A second important factor that can affect the precision of the QP energies is the norm violation of the PAW pseudo-waves, as pointed out in refs. ^32,51,64. The PAW framework has been widely adopted in several popular GW implementations^96,97, thanks to its transferability properties and computational efficiency³². In particular, the completeness of the PAW partial-waves is another key assumption underlying Eq. (3). PAW potentials are generally constructed to have pseudo partial waves that have a different norm than the all-electron partial waves.

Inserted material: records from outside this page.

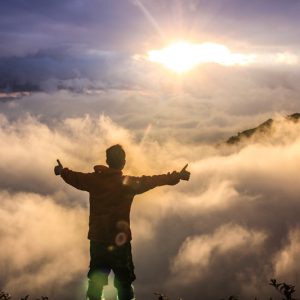 man facing clouds during golden time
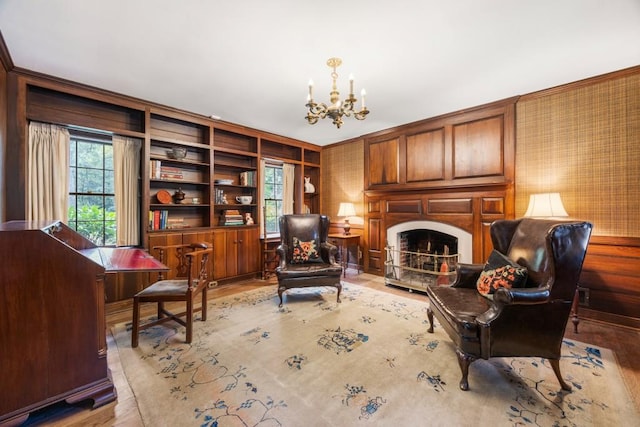 sitting room featuring built in features, an inviting chandelier, and wooden walls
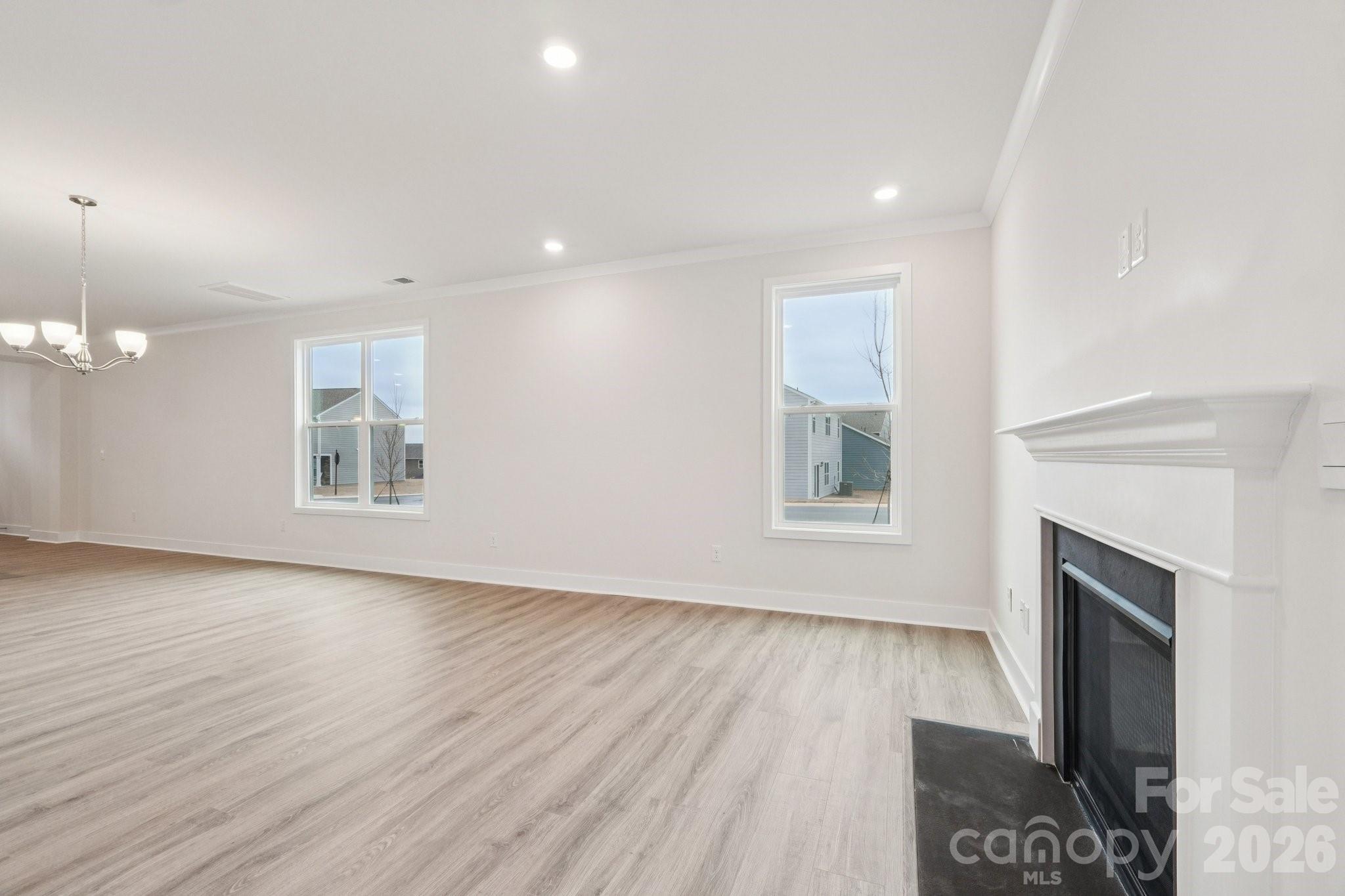 7685 Bainbridge Road Sherrills Ford, NC 28673 - Photo 7 of 33 a view of an empty room with a fireplace and wooden floor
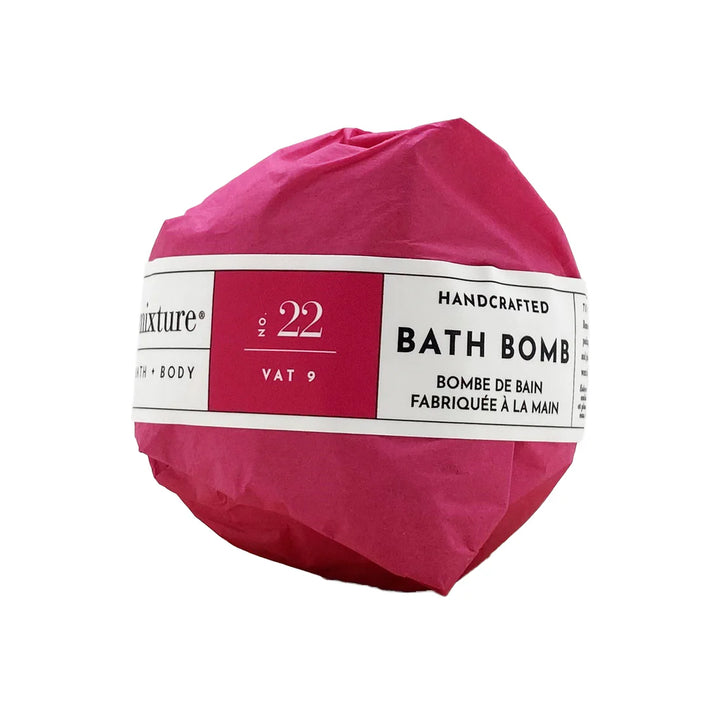 Studio product photograph by Mixture of a handcrafted bath bomb wrapped in vibrant magenta tissue paper featuring a white label with No. 22 and Vat 9 text against a plain white background
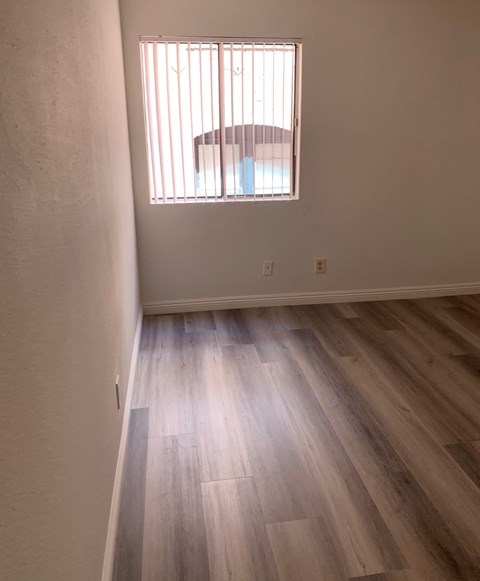 an empty room with wooden floors and a window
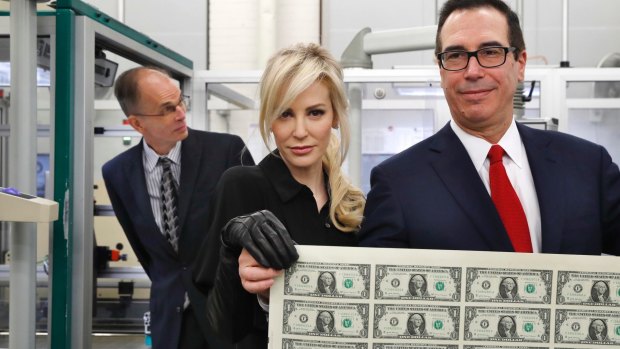 Treasury Secretary Steven Mnuchin, right, and his wife Louise Linton, hold up a sheet of new $US1 bills.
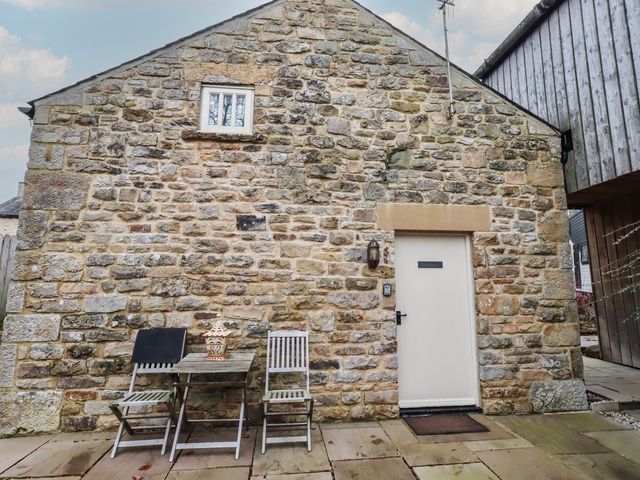 An outdoor area with a stone wall, table and chairs at The Medieval Romantic in 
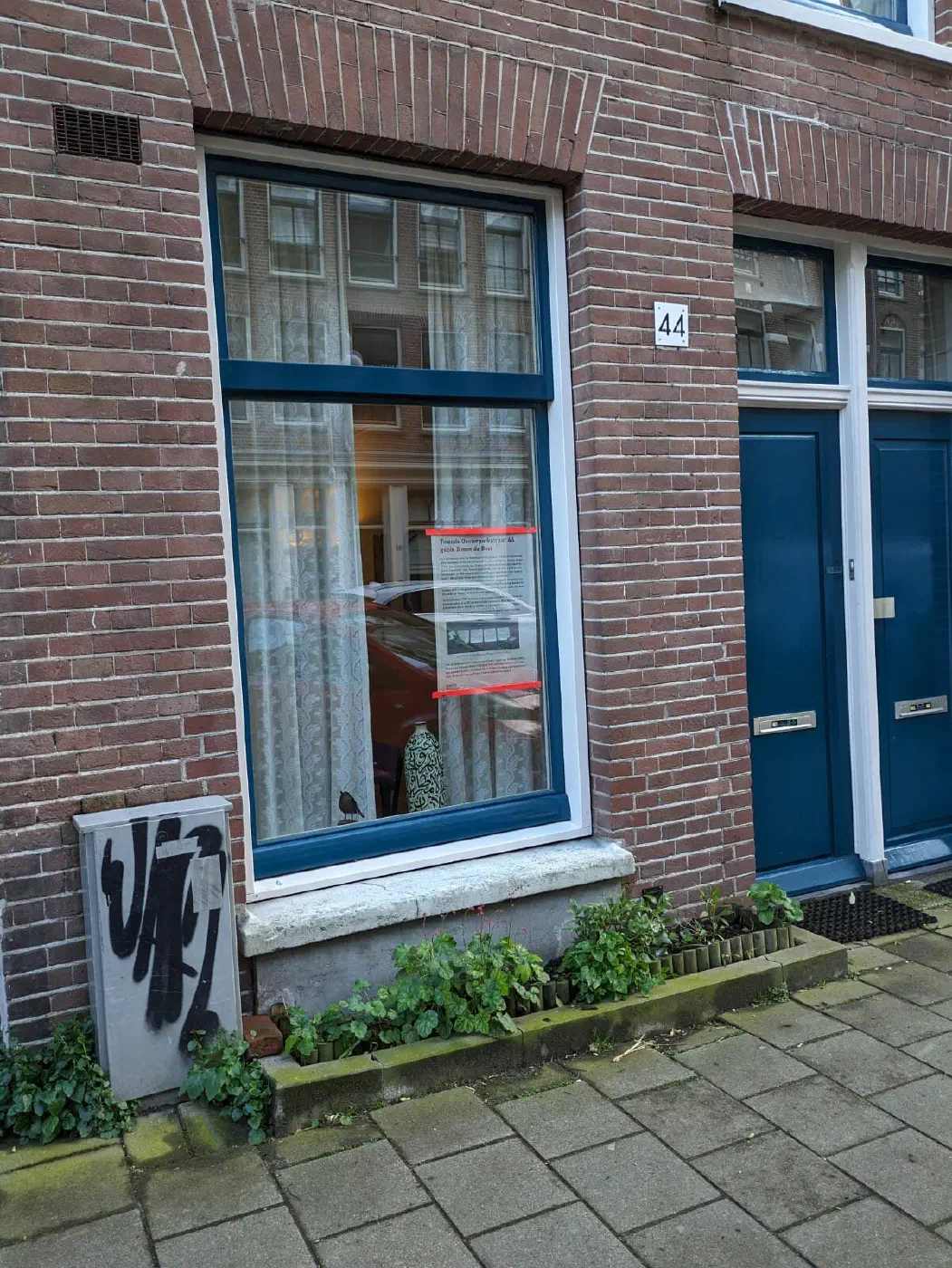 Gedenkposter achter het raam van Tweede Oosterparkstraat 44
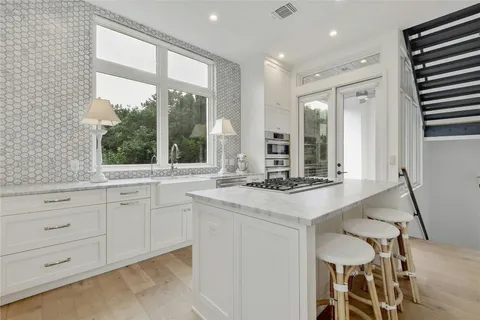 a kitchen with a sink and chairs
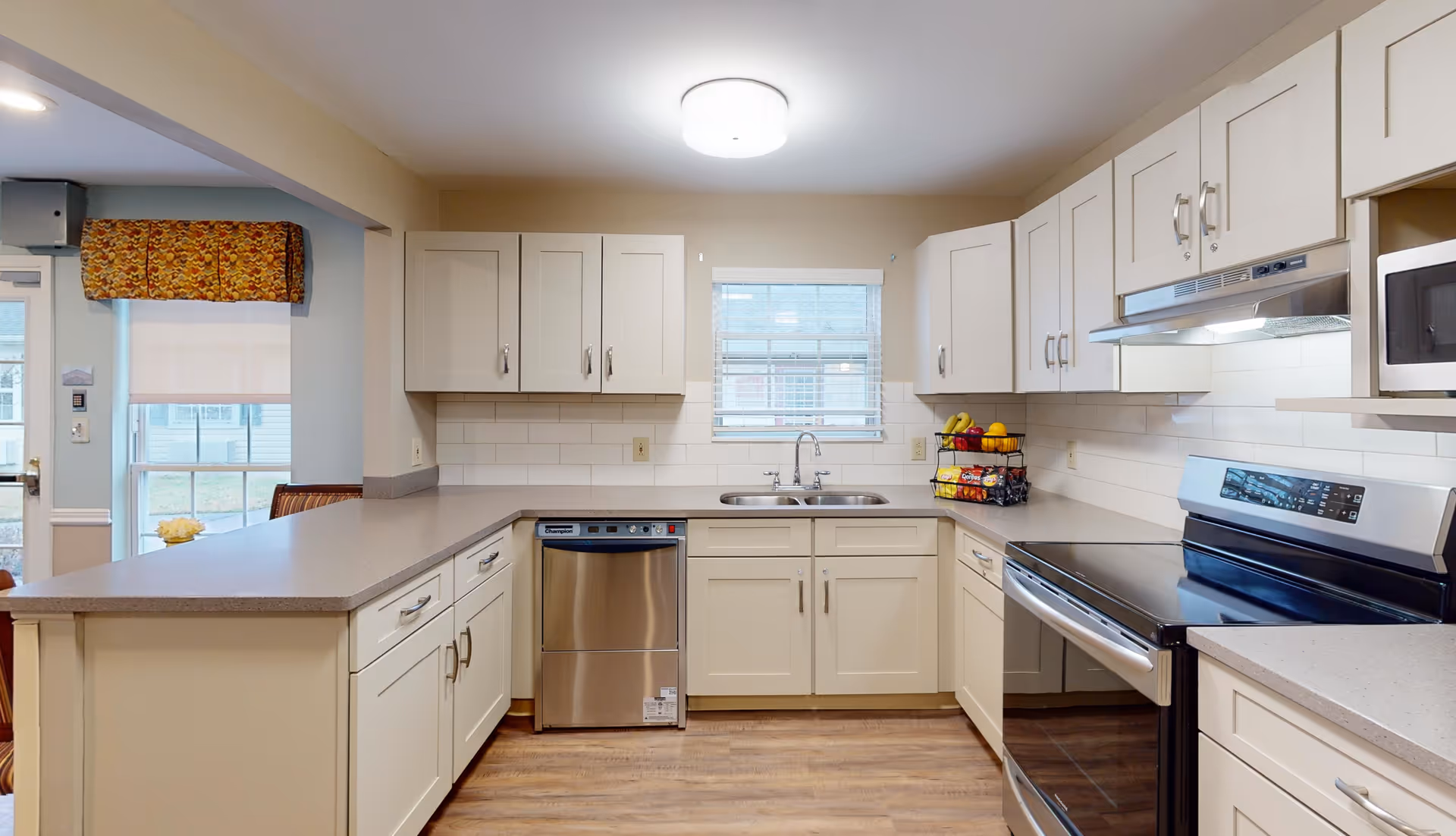 A modern kitchen with white cabinets, a stainless steel dishwasher, an electric stove with a range hood, a microwave, and a double sink under a window. The kitchen has light-colored countertops and wood flooring. There is a fruit basket on the counter and a window with blinds above the sink. The kitchen opens to an adjacent room with a window and a door.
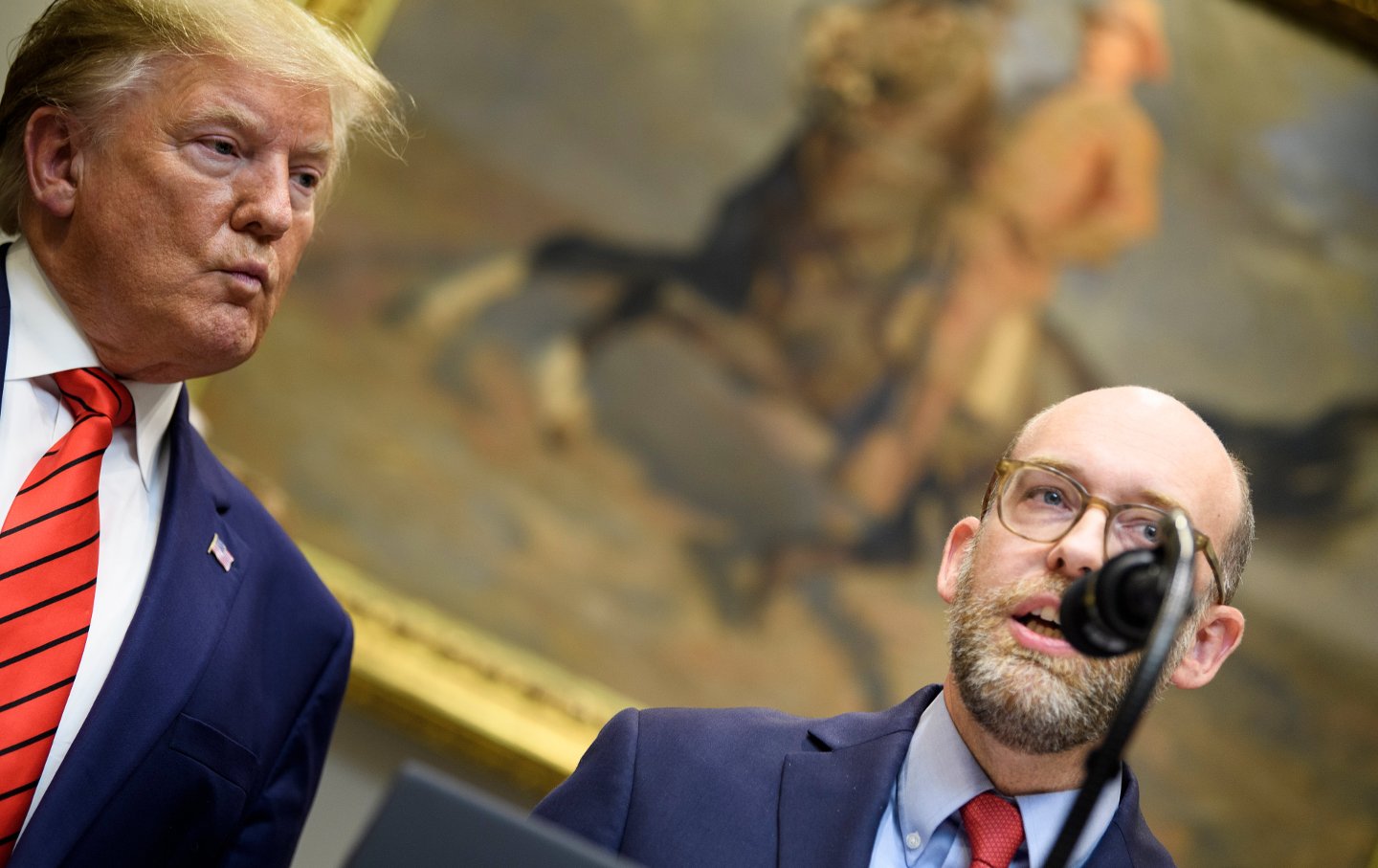 Former president Donald Trump on the left with Russell Vought on the right, at a podium.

All standard PAW potentials released with VASP have this property. In the following, we will refer to them as “ultra-soft” PAW potentials, to distinguish them from the norm-conserving PAW potentials also used in the present work. These potentials have been constructed to have pseudo-partial waves that have the same norm as the all-electron partial waves. As shown in ref. ⁶⁴ this yields technically more accurate GW energies. While the assumption is likely satisfied for low-lying unoccupied states, (non norm-conserving) ultra-soft PAW potentials (US-PAWs) can violate this constraint for the high-energy states included in the Σ band summation⁶⁴. This violation implies that their contributions to the ρ(g) density in Eq. (3) are not properly described: the consequence is that, while the 1/N_pw asymptotic behavior still holds, the QP energies converge to an incorrect asymptotic limit. A possible solution to this issue is to employ norm-conserving PAW potentials (NC-PAWs), as enforcing norm conservation on the PAW partial-waves strongly mitigates the problem. However, this approach comes with a prominent drawback: NC-PAWs require significantly higher plane-wave cutoffs compared to US-PAWs (up to 40−50%). Figure 1 demonstrates this behavior for the well-studied semiconductor ZnO. The figure displays the dependence of the QP gap versus 1/N_pw for NC and US PAWs. While the band-gaps computed on a reduced k-point mesh n_k ≡ 3 × 3 × 3 with NC and US-PAWs display similar values for ~1500 bands, beyond that threshold they converge towards significantly different limits. Increasing the k-meshes to N_k ≡ 6 × 6 × 6 improves the US prediction.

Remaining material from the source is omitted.